Toutefois, il existe des différences notables entre les sociétés civiles immobilières françaises et monégasques. Le but de cet article est de montrer en quoi les SCI à Monaco sont différentes de celles de la France.

Qu’est-ce qu’une SCI ?

Une SCI, qui est l’abréviation de Société Civile Immobilière, désigne en droit français une société civile, donc non commercial, ayant vocation à détenir un bien immobilier. Elle a l’avantage de permettre à plusieurs personnes de détenir un bien immobilier et de simplifier la transmission entre elles. Sa forme juridique se caractérise par sa souplesse en termes de création.

Pour créer ce type d’entreprise, il faut accomplir quelques formalités que l’on peut regrouper en plusieurs grandes étapes.

Tout d’abord, la rédaction de statuts qui englobe l’ensemble des règles de fonctionnement de la SCI. Ceux-ci doivent être rédigés et signés par tous les associés, qui sont au minimum deux. Une fois les statuts écrits dans le strict respect de la législation en vigueur, ceux-ci doivent être déposés au Centre des impôts dont dépend le siège social de la société civile immobilière en constitution. Cette procédure est entièrement gratuite.

Ensuite vient l’étape de la publication de la SCI dans un journal d’annonces légales. Dans ce cas, les principales informations qui la concernent doivent figurer dans l’avis de publication. On peut citer entres autres l’identité du gérant, le capital social et la dénomination sociale.

Enfin, la dernière étape de la constitution de ce type d’entité permettant une meilleure gestion d’un patrimoine immobilier entre plusieurs personnes est son inscription au Registre du commerce et des sociétés. Pour ce faire, tous les documents relatifs à la SCI naissante sont déposés auprès du Tribunal de commerce.

La société civile immobilière offre de multiples avantages. Ainsi par exemple, en cas de revente du bien immobilier, à travers une cession des parts de la SCI, il n’y a pas d’intervention obligatoire du notaire, ce qui n’est pas le cas lors d’une vente classique. De plus, cette forme juridique évite l’indivision, source potentielle de difficultés, entre les différents associés. Le gérant d’une SCI peut par conséquent prendre ses propres décisions en dépit des blocages liés à un désaccord entre les associés. Elle est intéressante au niveau de la fiscalité en offrant un avantage fiscal non négligeable lors de la transmission. Pas étonnant donc que la SCI connaisse un succès grandissant.

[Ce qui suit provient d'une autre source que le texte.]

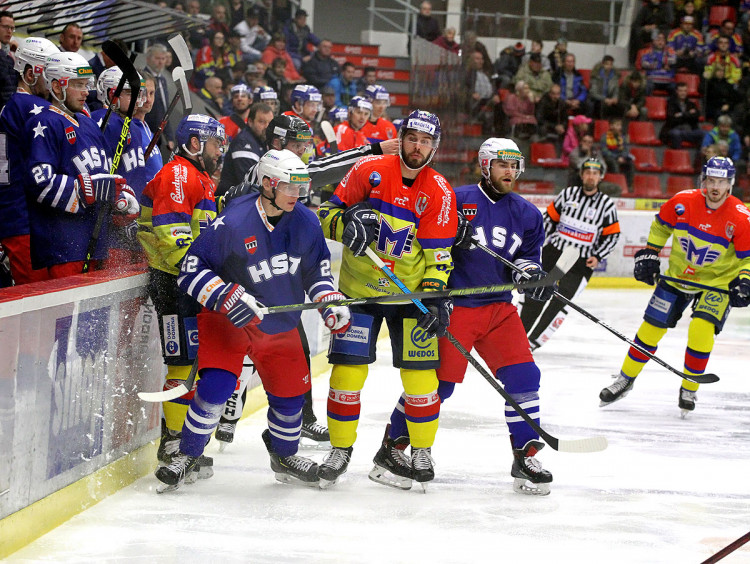 David Gilbert s Martinem Novákem uloveni v třebíčské ofsajdové pasti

Les différences entre une SCI monégasque et une SCI française

Il existe certaines différences entre les SCI monégasques et françaises notamment au niveau de la fiscalité.
Dans un premier temps, la politique fiscale de la France relative aux biens immobiliers est moins souple que celle de la principauté de Monaco. Depuis 2011, les règles concernant la fiscalité des donations et successions ont été alourdies. En clair, une société civile immobilière monégasque est soumise à un traitement fiscal plus souple et plus simple que celui d’une SCI française.

Ensuite, une SCI située à Monaco permet à ses associés de bénéficier de plus de confidentialité qu’une SCI localisée en France. Contrairement aux sociétés civiles immobilières françaises pour lesquelles il existe un registre public consultable à tout moment, celles de la principauté n’en possèdent pas. Ce qui signifie que des informations concernant l’identité des associés ne peuvent pas être révélées. A Monaco, le public n’a accès qu’à des renseignements se limitant uniquement au nom de la SCI, son adresse ou encore à son siège social.

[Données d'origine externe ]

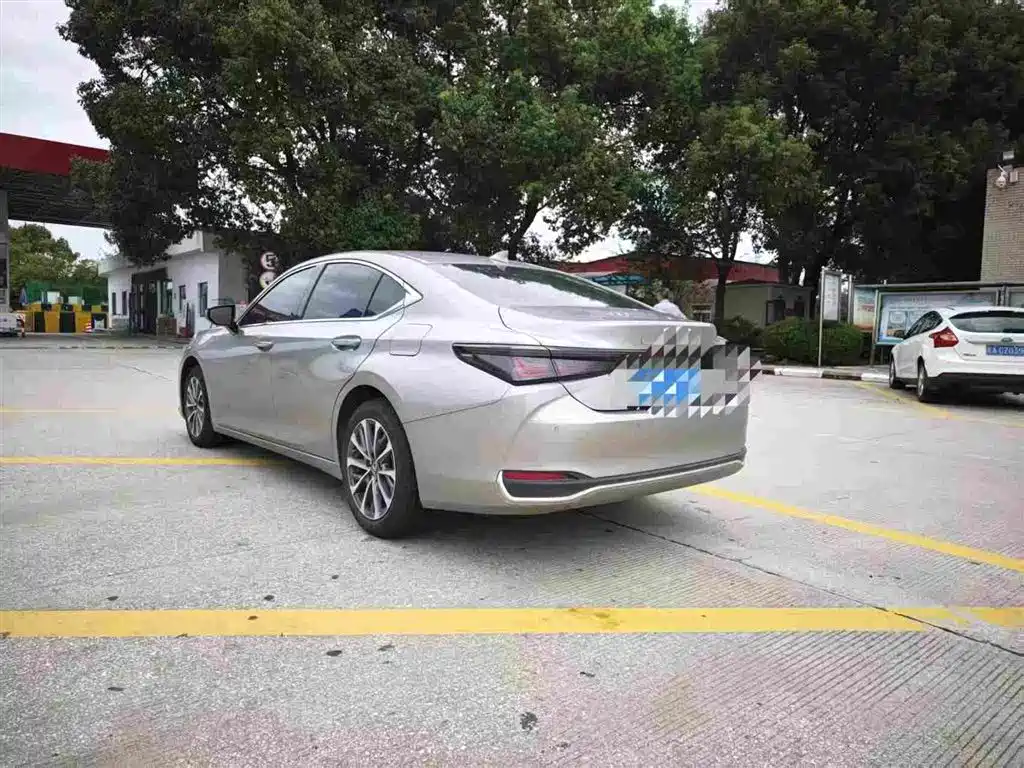 Lexus ES — миниатюра 2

Les associés d’une SCI monégasque sont moins taxés que ceux d’une SCI française. Pour preuve, ils ne sont pas soumis au paiement de droits de succession entre parents et enfants, ce qui constitue un avantage fiscal non négligeable.

C’est de la convention entre la France et la Principauté de Monaco concernant les modalités de règlement des successions signée le 1er avril 1950 que les associés d’une société civile immobilière monégasque tirent cet avantage. Celle-ci a pour objectif d’éviter les doubles impositions entre ces deux Etats. Ainsi par exemple, c’est à l’impôt sur les successions de Monaco que sont soumises les parts d’une SCI monégasque possédant des immeubles en France et appartenant à un résident monégasque décédé en France. C’est ce qu’a décidé la Cour de Cassation le 2 octobre 2015.